Georgian monastics driven out of Abkhazia
By Temuri Kiguradze
Monday, April 6
Seven Georgian monastics were forced to leave the territory of Abkhazia by separatist forces on April 2-3. Representatives of the breakaway region had accused them of “politicking.”
The three monks and four nuns were from the Saint Giorgi Monastery in the village of Azhara, located in the Kodori Gorge, the only part of Abkhazia that was controlled by the central Georgian Government before the August Russian-Georgian conflict. When Georgian troops were driven out of the area the monastery and its residents stayed. “[After the August conflict] we proposed to the Georgian ‘priests’ that they accept the regulations of the Abkhazian Orthodox Church and continue to serve in Azhara, however they refused,” stated the head of the so-called Abkhazian Eparchy Vissarion Aplua, as quoted by the Apsnypress news agency on April 3. “Instead of undertaking spiritual activities they were convincing residents of the [Kodori] Gorge that Abkhazia is Georgia. To prevent any kind of provocation we have decided to send them to Georgia so they can continue their service to the Georgian Church,” said Aplua, adding that the monastics were occupied in “politicking not spiritual service.”
The Abkhazian side denies that the monastics were subjected to any kind of physical abuse. “The priests stated that they don’t recognize the Government of Abkhazia and the Abkhazian Church and that they obey only the Georgian Orthodox Church, so we have proposed to them that they return to its fold,” said Sergey Jonua, the so-called Special Representative of the Abkhazian President in Kodori Gorge.
The Georgian Orthodox Church has confirmed the forced exile of the Georgian monks and nuns. They have already arrived in Tbilisi, where they met Georgian Patriarch Ilia II on April 5. Ilia II blessed them and expressed the hope that they will be able to return to their church soon. The Patriarch also ordained one of the ousted monks, Father Ioane, as an Archbishop. “There are people in Abkhazia today who have forgotten our kindness and my personal kindness and are oppressing Georgians. The monastics have been ousted from Abkhazia and I want to console them and tell them that Abkhazia is an indivisible part of Georgia and will never be separated from Georgia,” Ilia II said in Tbilisi.
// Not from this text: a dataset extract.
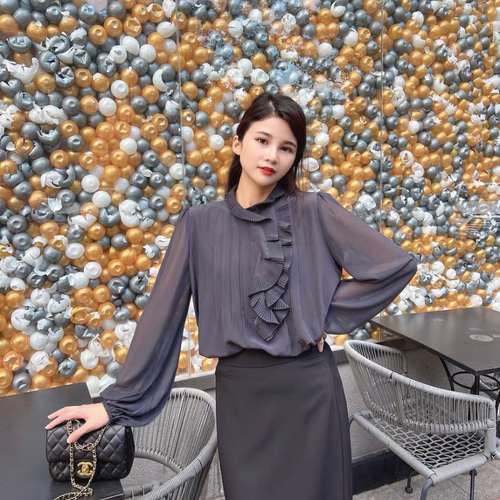 ジョーゼットシルク100%】フリルとシースルー袖のフェミニンブラウス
The Tbilisi-backed Abkhazian Government-in-Exile called this incident “outrageous.” “This happens when the Abkhazian side is saying that it agrees to accept refugees and confirms this position at the Geneva negotiations. This fact clearly shows that the Abkhazian side is absolutely not ready to see refugees return to secure conditions,” said the head of the Abkhazian de jure Government Malkhaz Akishbaia. He also promised to provide assistance to the nuns and monks from the Azhara monastery. “They will continue their service to the Georgian Church,” he stated on April 5. The separatist authorities have already announced that the Georgian monks will be replaced by representatives of the unrecognized Abkhazian Orthodox Eparchy.
Abkhazia and South Ossetia are two Georgian breakaway regions who declared their independence from Georgia soon after the collapse of the Soviet Union. On August 26 2008, after a conflict with Georgia, the Russian Federation recognized the independence of the regions. This step was however condemned by the international community. The Abkhazian and South Ossetian churches also announced their “independence” and expressed a wish to join the Russian Orthodox Church. However the late Russian Patriarch Alexey II declined their request, recognizing Abkhazia and South Ossetia as “historic territories of the ancient Georgian Orthodox Church.”